"The Artists Manifesto"
Derek Barton
Creating art is the highest function of the human mind. "Art is the flower, life is the green leaf." Can this truly be refuted? Long after the wealthy of an age are forgotten, the names and works of its artists are remembered. It endures. It is a gift to eternity and to everyone. It is like the light we receive from the sun or the nourishment from the earth. Without it nothing is possible; it strengthens and sustains without discriminating; but also, like these resources, art is easy to take for granted, perhaps *because* it is so elemental, and because its nature is to stream forth. The essence of art is bounty. Plenitude of spirit and plenitude of form.
Its antithesis is the limitedness of money, the alienated labor and disinterested hoarding of resources, the annexation of nature's bounty we call capitalism.
Art is a natural resource. The artist offers up his work freely and selflessly. He is about as likely to demand payment for his bounty as the sun or the earth for theirs. Like the earth he will give of himself even as he withers, he will let himself be exploited and never cry foul; his only cry might be that of his untimely death. Is it any wonder then that artists, giving so much and asking so little, are underpaid and undervalued?
“Just let me make my art,” they say. “Just give me a few pennies here and there,” they say. “It's okay, I'll work two jobs,” they say. Either that or “I will bend my art to your corporate will,” they say. “I will use my talents to help you sell soulless products,” they say. “I will put my skill at the service of your talentless superstar,” they say.
There is an ecology here: like the earth, our society holds artists in base subservience, mining their riches, plucking out and processing their beautiful unities to serve the purposes of power. Like the dairy cow, they are given just enough to keep them on the edge of life, to keep their milk flowing (weak putrid milk that it is), their bodies and lives meaning nothing except as producers of the truth and bountiful spirit that is profanely transformed into wealth by those who take it. Then when the robbers are sated, the cattle are cast aside, empty pestilent husks that they are, of no use to anyone anymore.

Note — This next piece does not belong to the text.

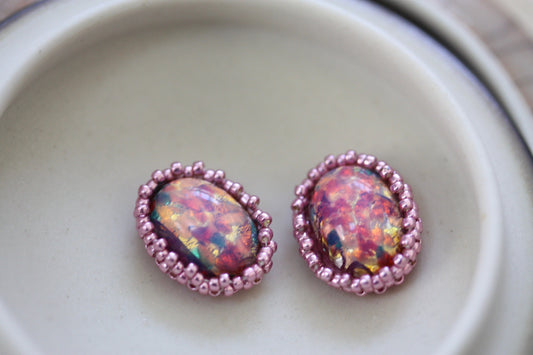 Shades of pink faux fire opal beadwork stud earrings - original beadwork around vintage foiled opalescent glass center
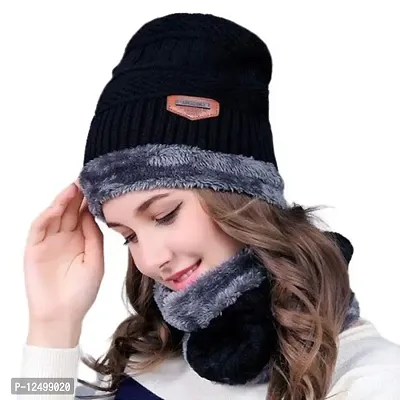 UPAREL Men's and Women's Warm Knitted Fur Lined Winter Beanie Cap Neck Scarf Set - 2 Pieces (Black)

Imagine if the very Earth revolted. If the cow refused to give its milk. If the grain declined to nourish, if the springs closed up their mouths, if the fruit rotted on the tree and fell to earth, if the sun closed its eye on us, the fish flooded their delicate meat with poison. Now imagine if the artists revolted. A world without art. TV shows without scripts, revealed as the mindless corporate mush they are. Recording artists without lyrics, music, lights, or dancers. Suddenly they are nothing. No new plays, no new movies. Let the film moguls write their own scripts, design their own sets. No new books to adapt into box-office hits. Let them discover how much money it takes to buy a drop of soul. Let them no longer afford it.
The artists have this problem: WE CAN'T STOP. Art is life and nourishment to us. Without it we wither spiritually as, with it, we wither bodily. Our economic system stymies us at every turn.
One lives in a system designed around doing things one hates, things that are meaningless. In exchange you get money, for without the money who would slump over a desk all day, feeling dead inside? You may then take this money and present it to someone else to do something that benefits you but that they also hate.
As artists our quandary is that our benefit to the world is also something we love. So we would do it without the money. And, very often, that is what we do. But there is one thing we CAN do. We can stop giving our souls away. We can demand fair payment for our work. We can demand livable lives and respect for the value of what we do. And we don't just want respect. We want money: living wages, our fair share. A cabinet maker would never give his work away in hopes one day someone might want to pay him for it? He demands respect for his craftmanship and his goods. When then do we as artists do this? Is it any wonder that our work is unvalued?
What could be more subversive than a wealthy and powerful artist?
In the meantime, here is what we do: Sell no art. Hide it. Show it only to other artists. A world without art is perhaps a world that can learn to appreciate it.
In Ayn Rand's “Atlas Shrugged”, industrialists of the world, stymied at every turn by a society resistant to progress, suddenly cease their efforts and watch as their world disintegrates around them. I believe it is the point for artists to cease their efforts, to finally capitulate in the face of the soulless economic processes that rob them of their every effort and hold as worthless the illumination they cast on the world. Art and selfless illumination mean nothing in a world that knows only greed, coercion, and exploitation. Art has no place in such a world. SO LET THEM LIVE WITHOUT IT!